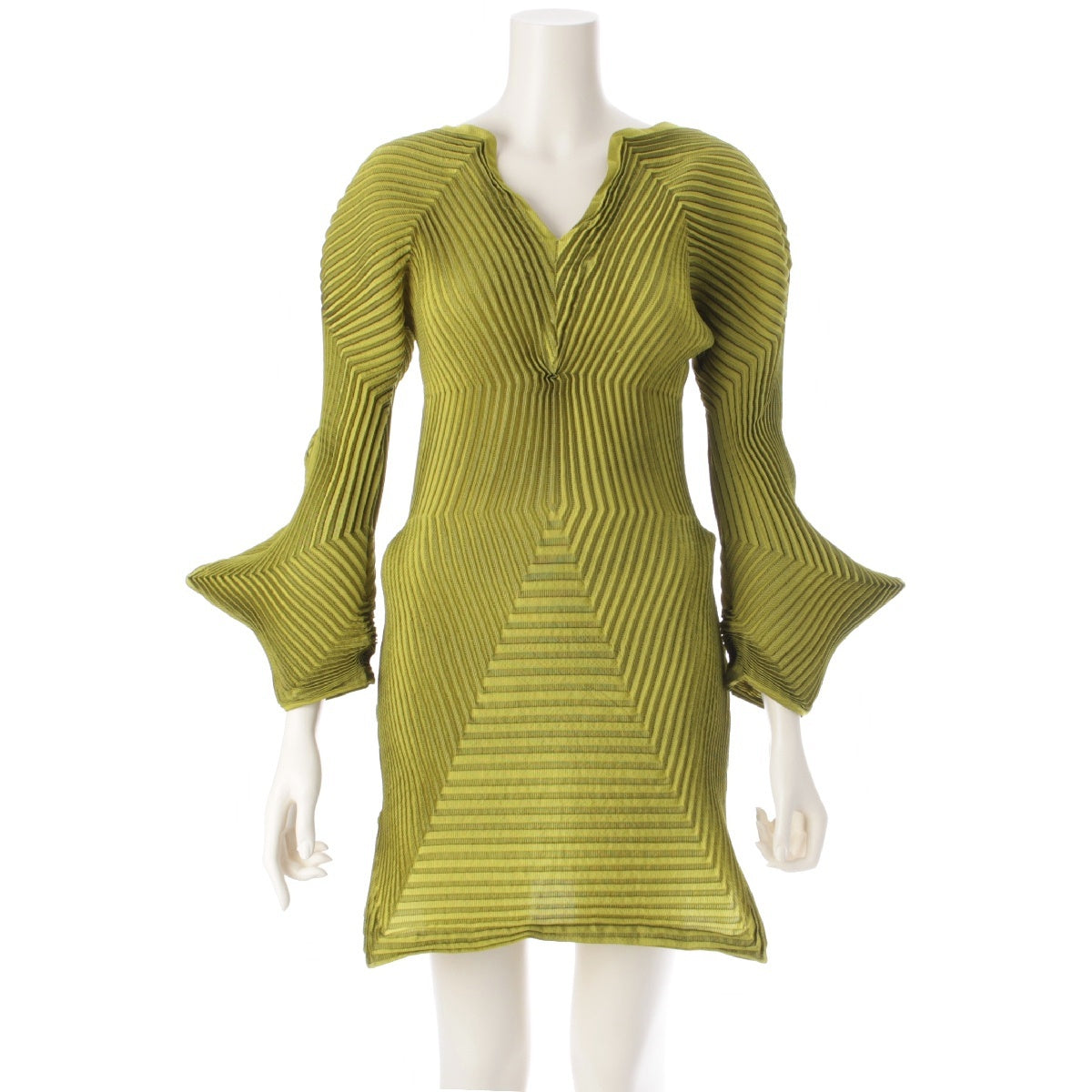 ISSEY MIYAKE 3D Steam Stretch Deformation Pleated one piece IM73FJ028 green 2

---

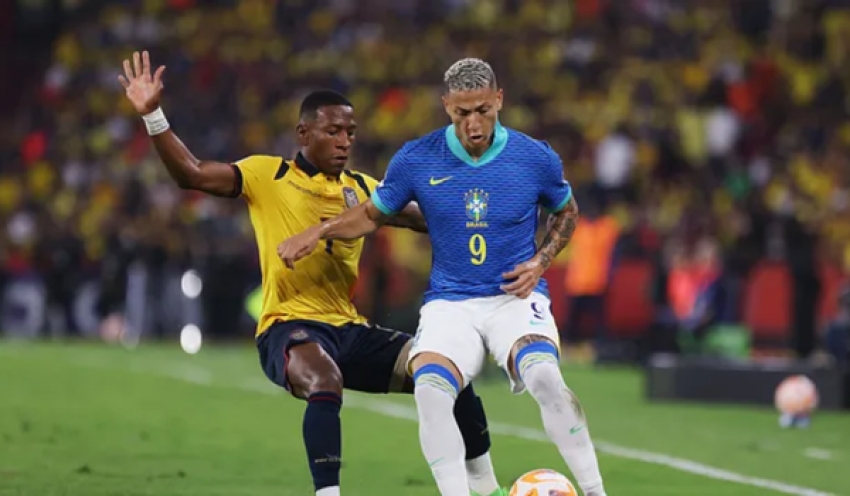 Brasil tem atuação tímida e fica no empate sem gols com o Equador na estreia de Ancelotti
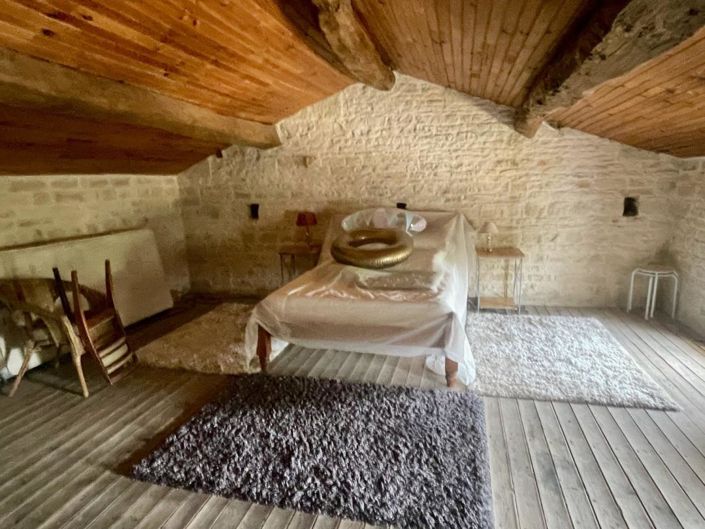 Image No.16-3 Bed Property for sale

* * *

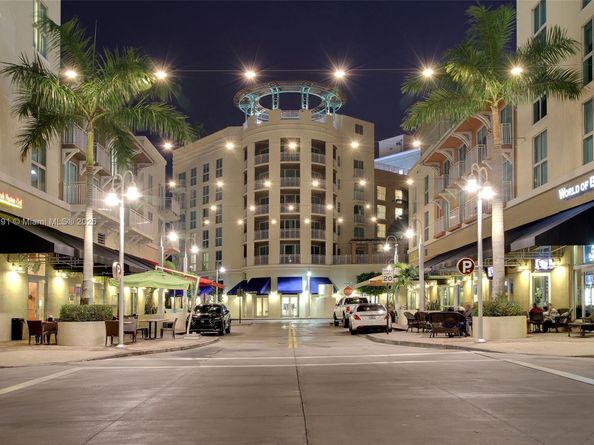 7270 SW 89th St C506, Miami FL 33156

# Your task:
Now transcribe the lines above exactly, starting at the line containing "Brasil tem atuação" and ending at the line containing "Image No.16-3 Bed Property for sale", both lines included, pictures excluded.

# Exercise response:
 Brasil tem atuação tímida e fica no empate sem gols com o Equador na estreia de Ancelotti
 Image No.16-3 Bed Property for sale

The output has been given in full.